LinuxQuestions.org

LinuxQuestions.org (/questions/)
-   Linux - Server (http://www.linuxquestions.org/questions/linux-server-73/)
-   -   Squid transparent proxy (http://www.linuxquestions.org/questions/linux-server-73/squid-transparent-proxy-906208/)

astalavista2000 10-03-2011 12:28 PM

Squid transparent proxy
 
Hi, everybody. I've just installed squid through apt-get in a debian squeeze server. The server has two NIC's. eth0 is connected to the LAN and eth1 has a public IP address. I've tried squid's default configuration and, after creating an acl and a rule to allow my computer to connect to squid

Code:

acl myMachine src myIp
Code:

http_access allow myMachine
I can perfectly browse the web.
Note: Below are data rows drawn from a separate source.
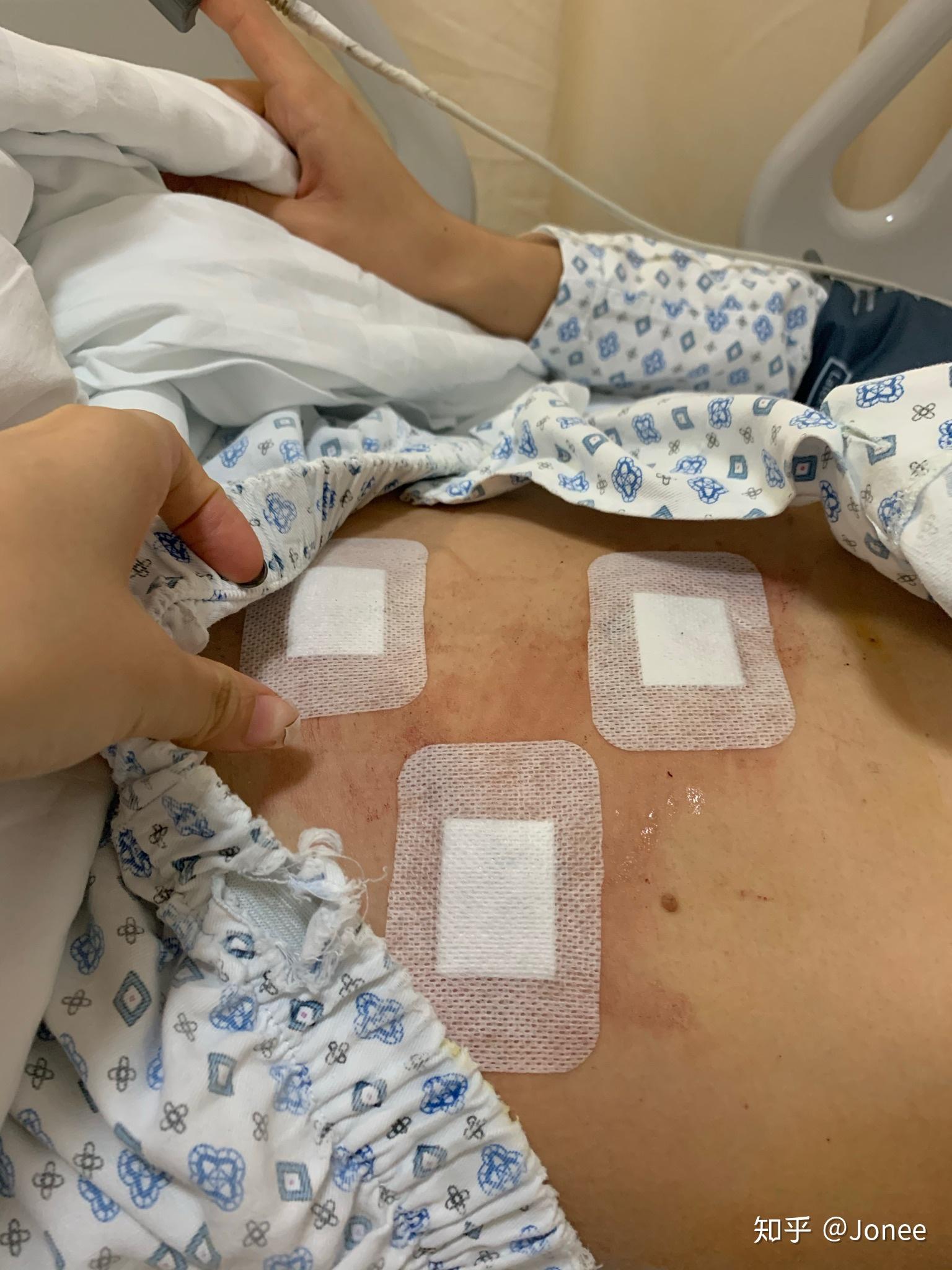 急性阑尾炎术后并发症护理-急性阑尾炎手术后的护理要点，你必须知道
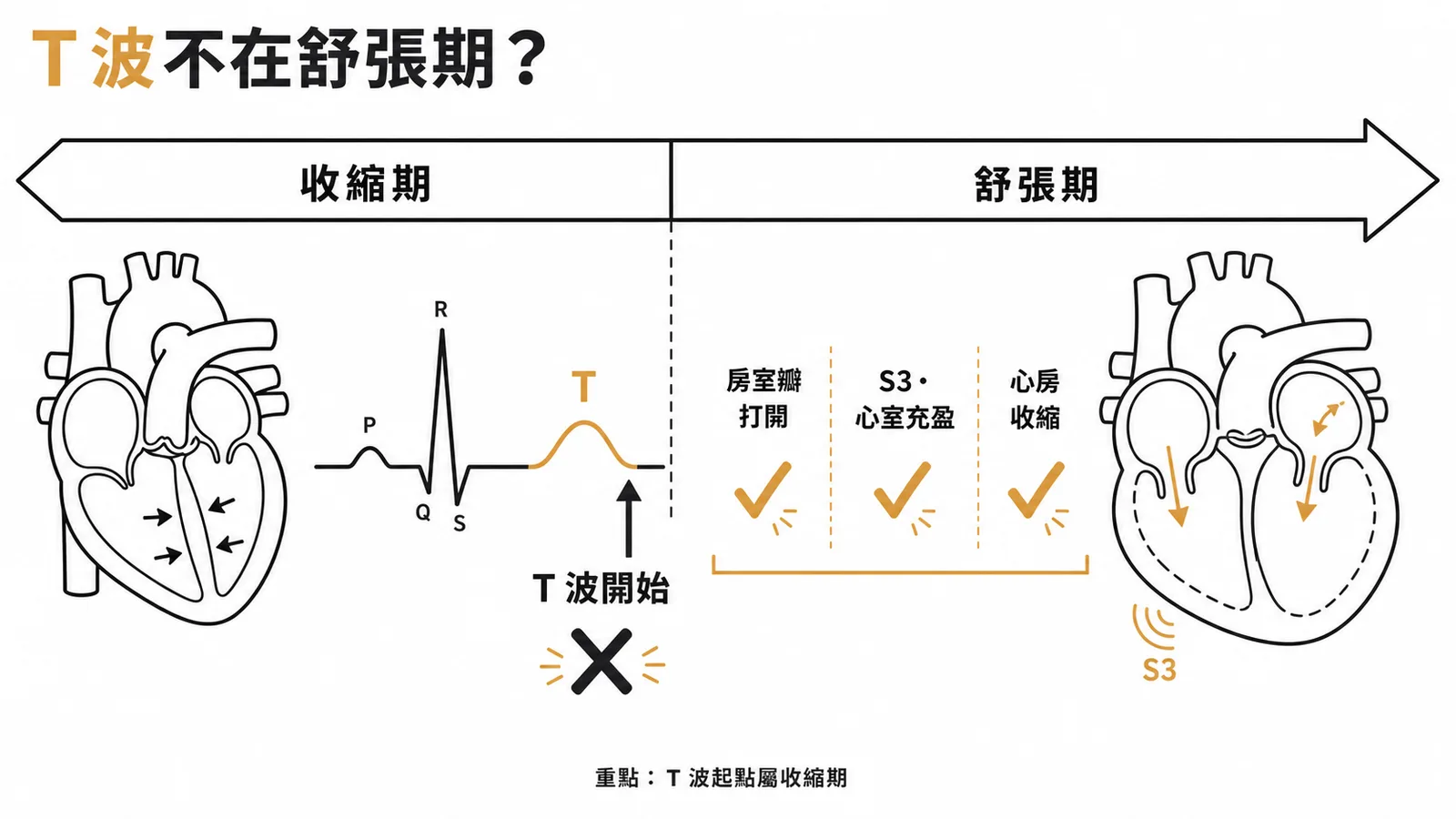 T波起點屬收縮期末;房室瓣打開、S3、心房收縮才是舒張期事件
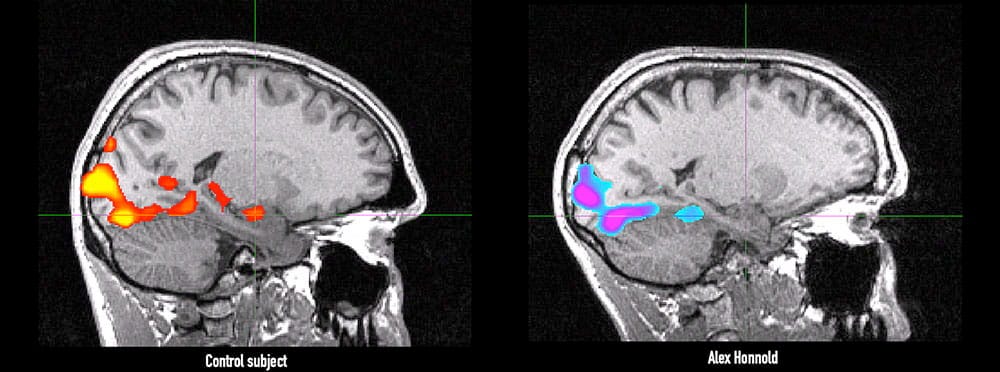 Side by side images of Alex Honnold's brain and a control subject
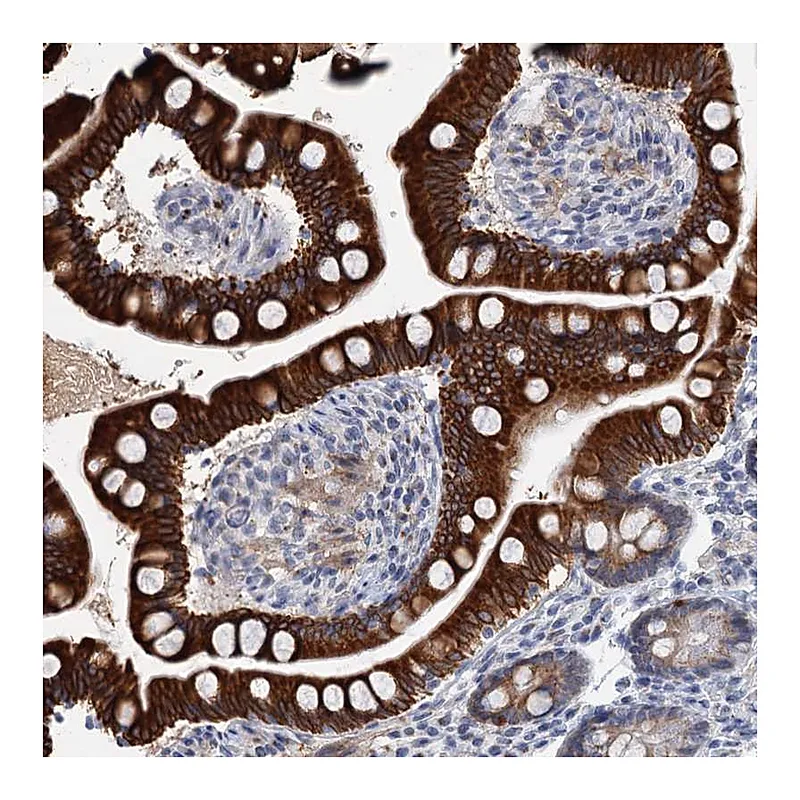 Atlas Antibodies Anti-ZNF527 Antibody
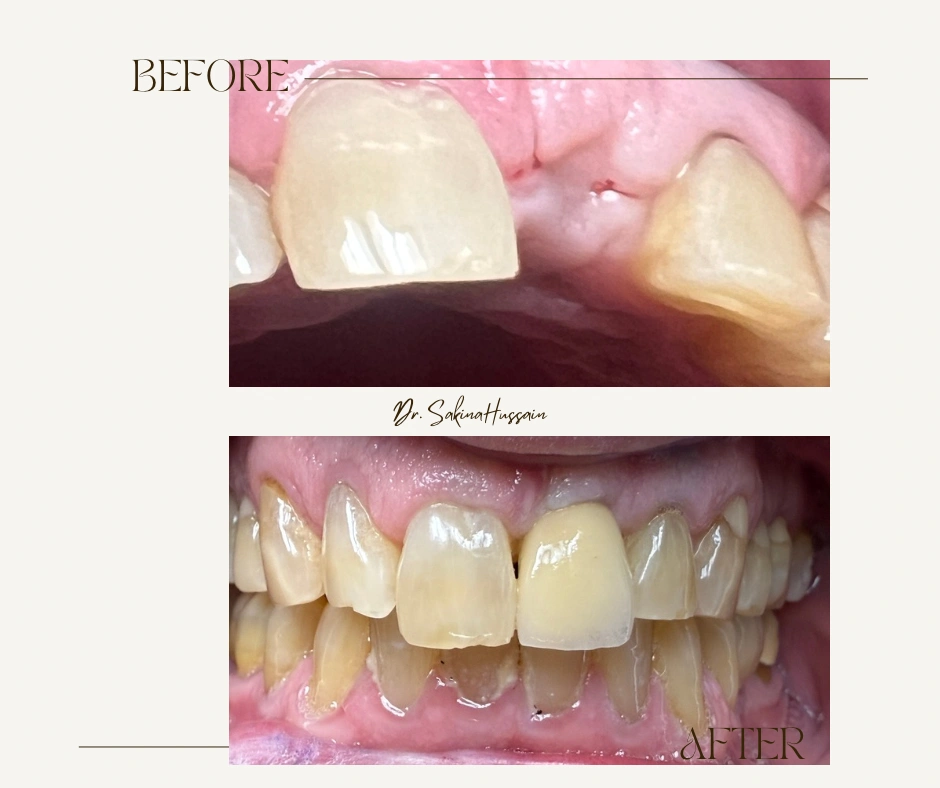 Smile Haven Dentistry - Sakina Hussain, DDS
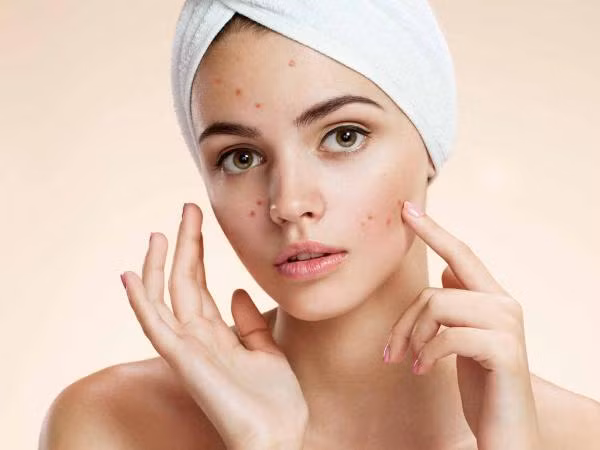 Lớp học giới tính: Có thể dùng dung dịch vệ sinh phụ nữ để… trị mụn được không?
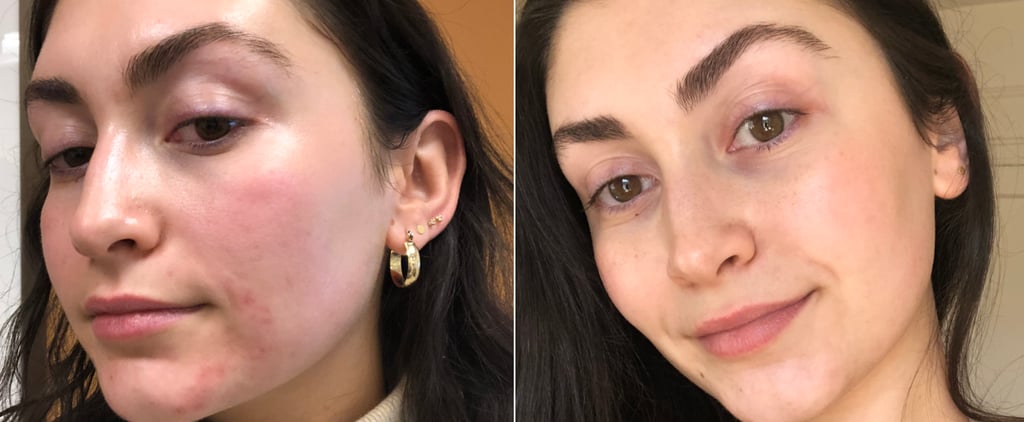What to Know About Laser Treatments for Red Acne Marks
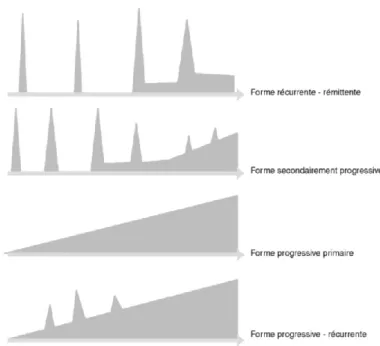 Figure 2 : Classification internationale des modes évolutifs de la SEP de Lublin  FD. et Reingold SC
But I want to use squid as a TRANSPARENT PROXy, so I change the http_port option
Code:

http_port 3128 transparent
Then I add the following rule in my firewall
Code:

iptables -t nat -A PREROUTING -i eth0 -p tcp --dport 80 -j REDIRECT --to-port 3128
Finally, I've configured the browser to first autodetect connection and later to use no connection at all and set the the LAN ip of the proxy server as default gateway of myMachine.
But I can't connect to internet.

Extra Information
*********************
- Squid Version: Version: 2.7.STABLE9-2.1
- I enabled "net.ipv4.ip_forward=1"
- my "cleaned" squid.conf file

Code:

acl all src all
acl manager proto cache_object
acl localhost src 127.0.0.1/32
acl to_localhost dst 127.0.0.0/8 0.0.0.0/32
acl localnet src 10.0.0.0/8    # RFC1918 possible internal network
acl localnet src 172.16.0.0/12  # RFC1918 possible internal network
acl localnet src 192.168.0.0/16 # RFC1918 possible internal network
acl SSL_ports port 443          # https
acl SSL_ports port 563          # snews
acl SSL_ports port 873          # rsync
acl Safe_ports port 80          # http
acl Safe_ports port 21          # ftp
acl Safe_ports port 443        # https
acl Safe_ports port 70          # gopher
acl Safe_ports port 210        # wais
acl Safe_ports port 1025-65535  # unregistered ports
acl Safe_ports port 280        # http-mgmt
acl Safe_ports port 488        # gss-http
acl Safe_ports port 591        # filemaker
acl Safe_ports port 777        # multiling http
acl Safe_ports port 631        # cups
acl Safe_ports port 873        # rsync
acl Safe_ports port 901        # SWAT
acl purge method PURGE
acl CONNECT method CONNECT
acl myMachine src 192.168.1.189/32
http_access allow manager localhost
http_access deny manager
http_access allow purge localhost
http_access deny purge
http_access deny !Safe_ports
http_access deny CONNECT !SSL_ports
http_access allow localhost
http_access allow myMachine
http_access deny all
icp_access allow localnet
icp_access deny all
http_port 3128 transparent
hierarchy_stoplist cgi-bin ?
access_log /var/log/squid/access.log squid
refresh_pattern ^ftp:          1440    20%    10080
refresh_pattern ^gopher:        1440    0%      1440
refresh_pattern -i (/cgi-bin/|\?) 0    0%      0
refresh_pattern (Release|Packages(.gz)*)$      0      20%    2880
refresh_pattern .              0      20%    4320
acl shoutcast rep_header X-HTTP09-First-Line ^ICY.[0-9]
upgrade_http0.9 deny shoutcast
acl apache rep_header Server ^Apache
broken_vary_encoding allow apache
extension_methods REPORT MERGE MKACTIVITY CHECKOUT
hosts_file /etc/hosts
coredump_dir /var/spool/squid

Well, hope you can shade some light in my problem. Thanks in advance.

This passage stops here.